I am a US citizen permanent resident in NZ. I got here on  a normal (i.e. not a business or student) visa after going through a “good character” check and because there was an employer vouching for me. I am now beginning the process of taking out NZ citizenship and am amazed by the level of detail and bureaucratic hurdles I need to go through to get it after living in NZ for nearly 15 years (things like the names and last addresses of my long deceased parents and name and address of my long-divorced American ex-wife are just the start). The process is said to take 6-12 months and I need to surrender my US passport during that time. I guess that is a good thing as it verifies my bonafides.

I say this because I have read reports that Mr. Kim Dotcom, the Jabba the Hut of the internet world according to the US government, purportedly has a NZ passport. He also apparently has a Hong Kong passport as well as that of his birth country Germany. These are said to be legitimate, not fraudulent passports.

My understanding is that you have to be a NZ citizen to hold a NZ passport, and that applies even though one may have entered the country in the investor plus scheme by buying 10 million dollars of NZ government bonds. This makes me curious because Mr. Dotcom arrived in NZ in 2010, which means he was granted citizenship very quickly (as a contrast, a friend of mine of British birth lived in NZ for 30 years, married a Kiwi, served in various official roles including as a JP, and it still took him a year to get his NZ citizenship even though he has never been arrested anywhere and had several NZ people of import vouching for his good character). I am thus curious as to how, with his prior convictions and assorted other odd baggage, Mr. Dotcom managed to get a NZ passport so quickly, especially if there are residency and character requirements involved in acquiring citizenship and he is not claiming refugee status. I also wonder if he surrendered his foreign passports during the time his application was being processed because I have read that he traveled extensively after his arrival in NZ.

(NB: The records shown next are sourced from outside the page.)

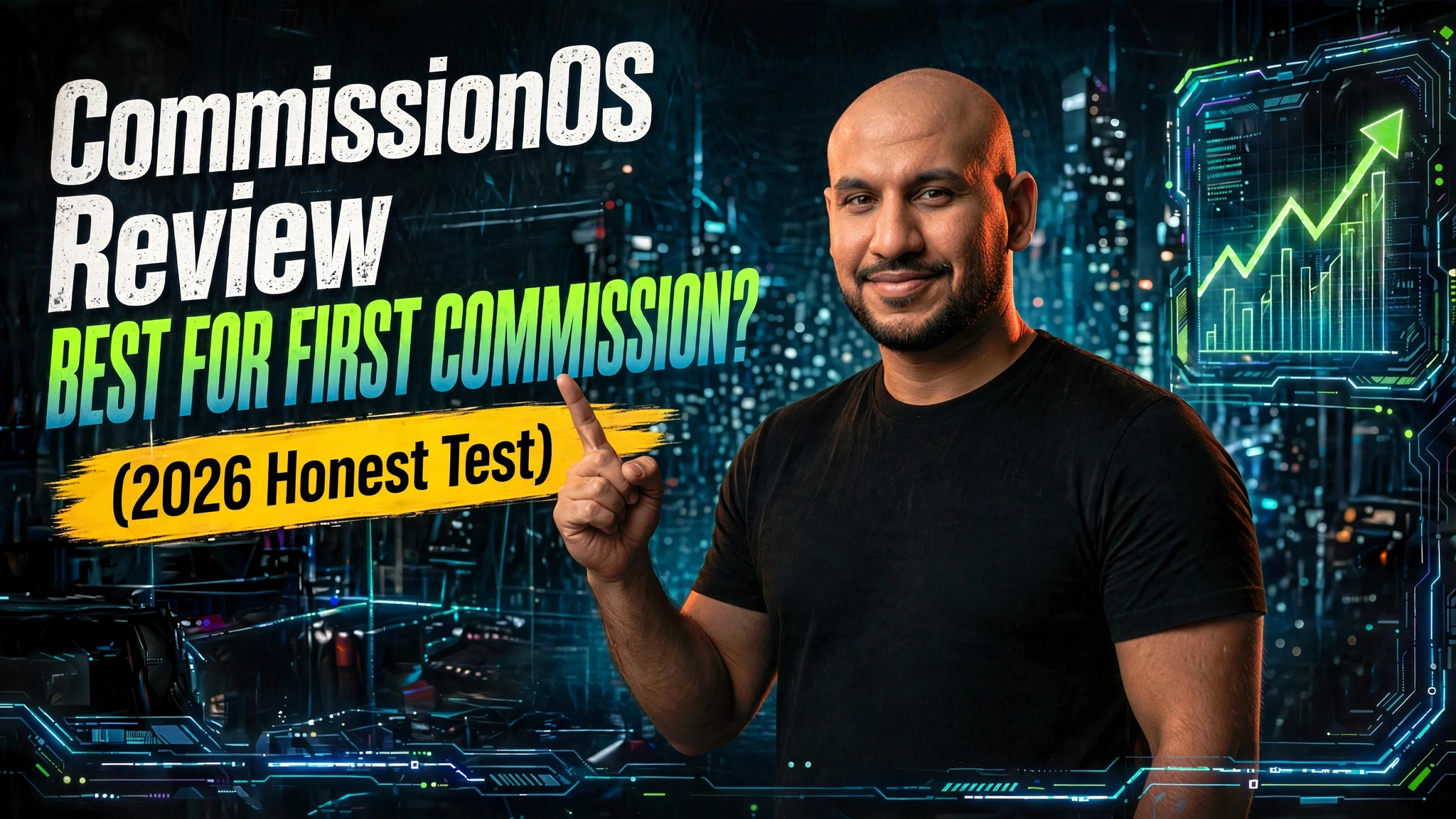 CommissionOS Review (2026) — Best for First Commission?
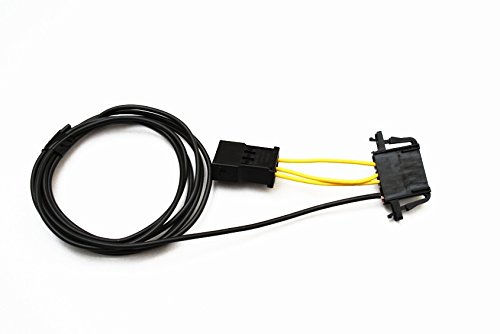 Volkswagen Original VW Ersatzteile W8 Adapter Kabelsatz Innenleuchte (Golf 4, Bora, Passat..)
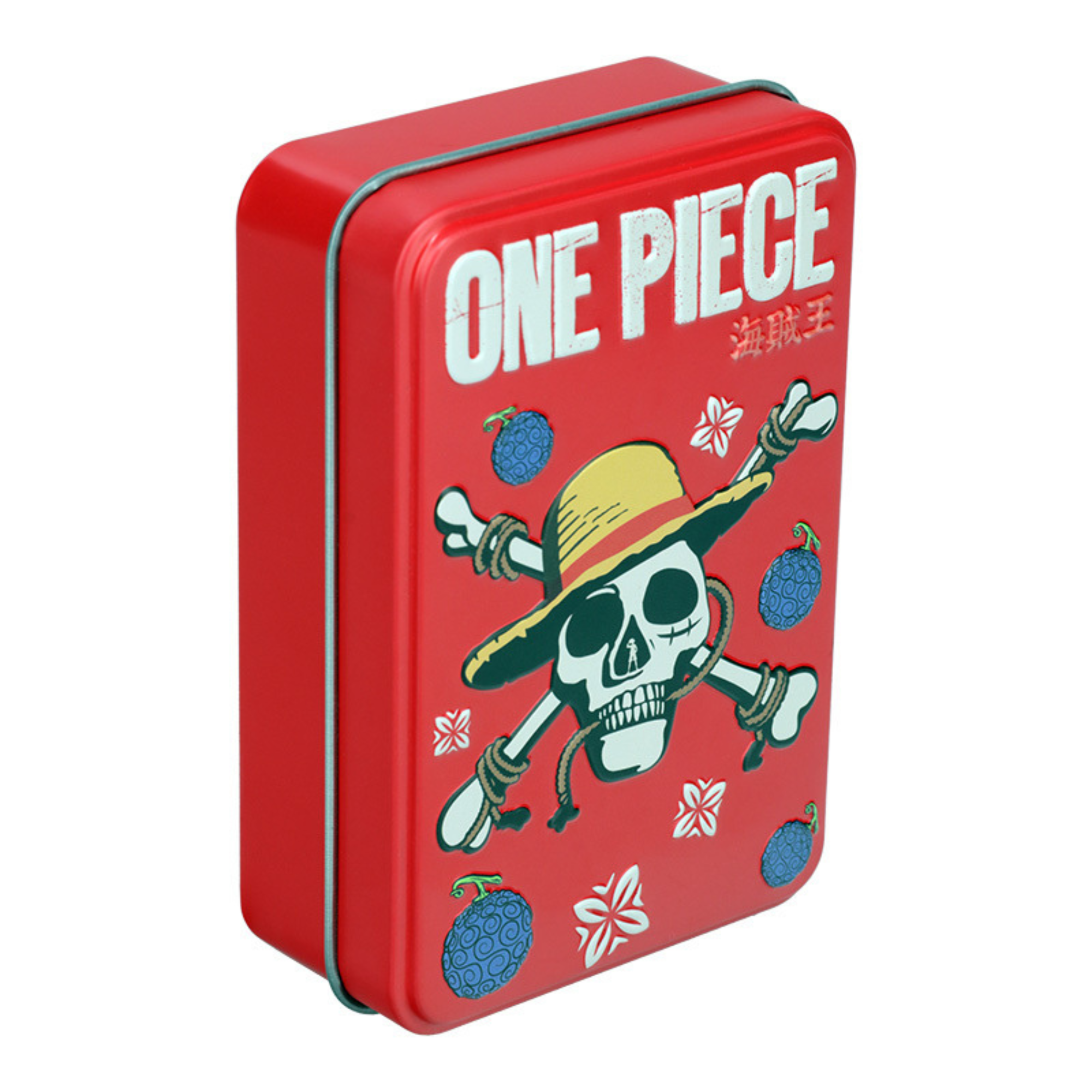 Cartas One Piece Baraja Oficial Baraja con Estuche Metálico Jolly Rogers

I also understand that in order to be an MP one has to be a citizen. I remember some minor scandals a few years back surrounding MPs who turned out to be non-citizens, something that forced their resignations. That also makes me curious because there is a new list National MP who may or may not be a NZ citizen as far as I know. He is a decent chap for a Righty and certainly will improve the intellectual calibre of the NAT backbenches, so good on him for making a go of it. But I am not sure that he is a citizen even though he arrived in NZ about a decade ago. I could be wrong and certainly harbor him no malice, but wonder if all the ticks were checked off on his citizenship prior to the election.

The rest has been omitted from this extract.